The idea came from British impresario Richard Reed, co-founder of the Innocent Drinks beverage company, who launched the project in the United Kingdom last year. He said it all started when he stumbled onto an art piece on the wall of a bleak street in London, and he thought it looked much more compelling than an ad.
“I used to work in advertising, I love advertising, but posters don't have to be there just to convey commercial messages,” he said. “They are a way for us as a nation to have a conversation with ourselves and to transmit thoughts and feelings and information and I thought maybe we can use it to show the country's art.”

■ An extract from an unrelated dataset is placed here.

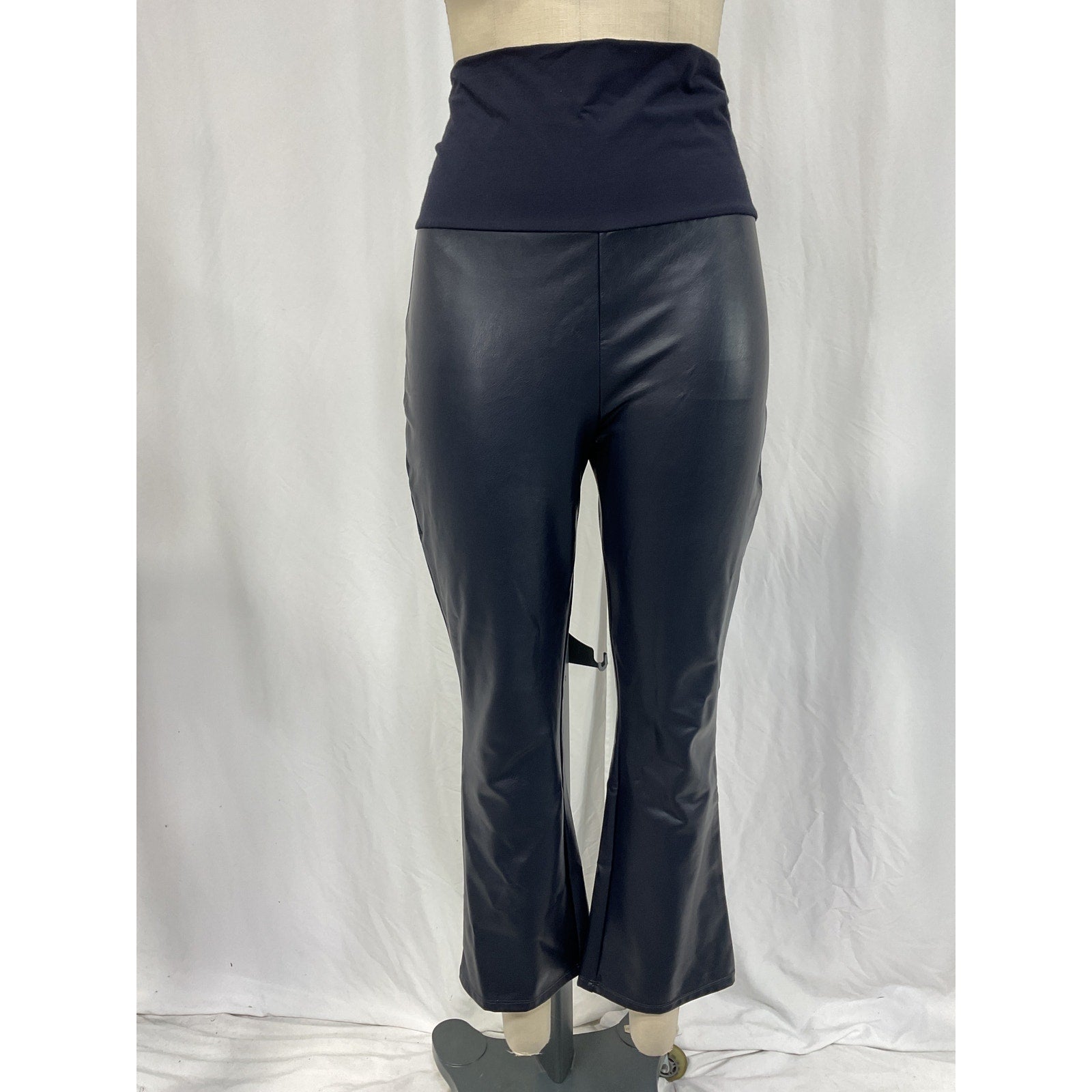 Hatch The Vegan Stretch Blue Polyester Crop Flare Pant Size S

Art Everywhere US was organized by the Outdoor Advertising Association of America, in collaboration with five American museums: the Whitney Museum of American Art, the Art Institute of Chicago, the Dallas Museum of Art, the Los Angeles County Museum of Art and the National Gallery of Art in Washington.

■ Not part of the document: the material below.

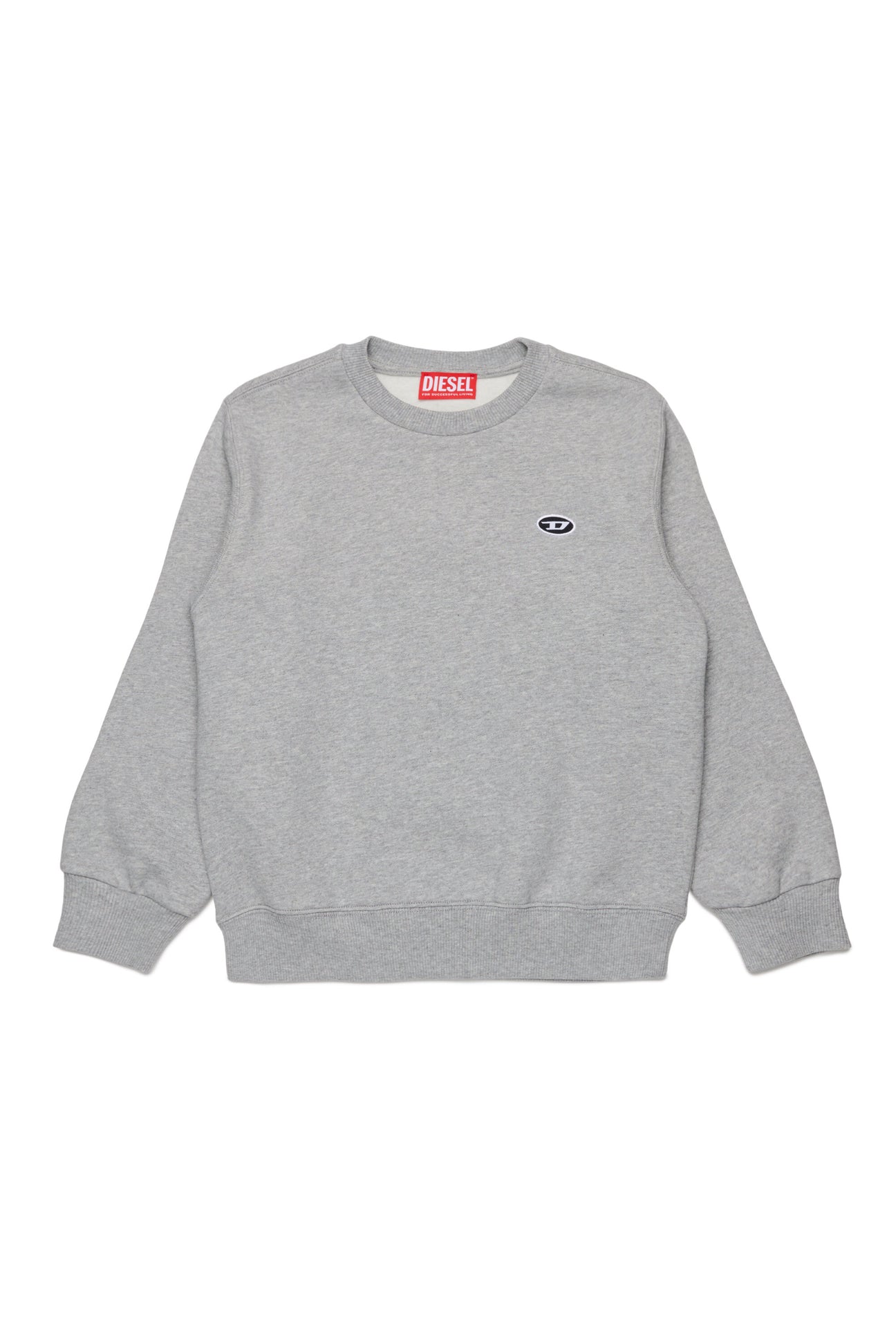 Crew-neck sweatshirt with embroidered oval D logo 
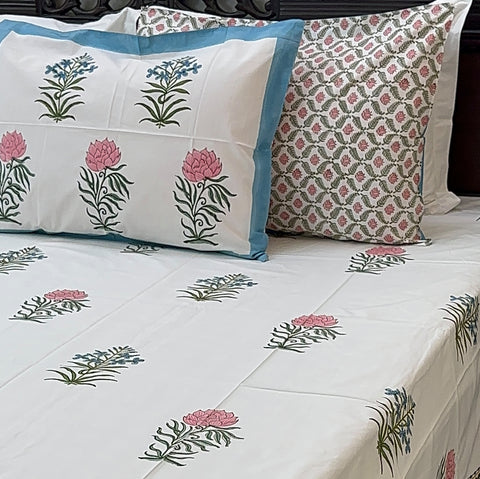 Azure Floral Cascade Block Printed Bedsheet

The billboard space was all donated, but the estimated cost of the project is $100 million.
The 58 images were drawn from the collections of the five participating museums, after an online vote by the general public.
Maxwell Anderson, director of the Dallas Museum of Art, said he hopes the initiative will increase museum attendance, but he did not have a percentage in mind.
“I don’t think we got down to that science,” he said. “The conversations people will be having across the country will, we hope, prompt the desire to go visit a museum.”
On a visit to Times Square Monday, a tourist from Portugal, Isabel Moura, was pleased to see artworks.
“I just recognized Edward Hopper, because that is one of my favorite paintings,” she said. Then, pointing to another image, she added, “And I am interested also in knowing who is the couple that appeared in that billboard over there.”
That couple — of a stern-faced farmer holding a pitchfork standing next to his wife —is the one made famous by Grant Wood's "American Gothic."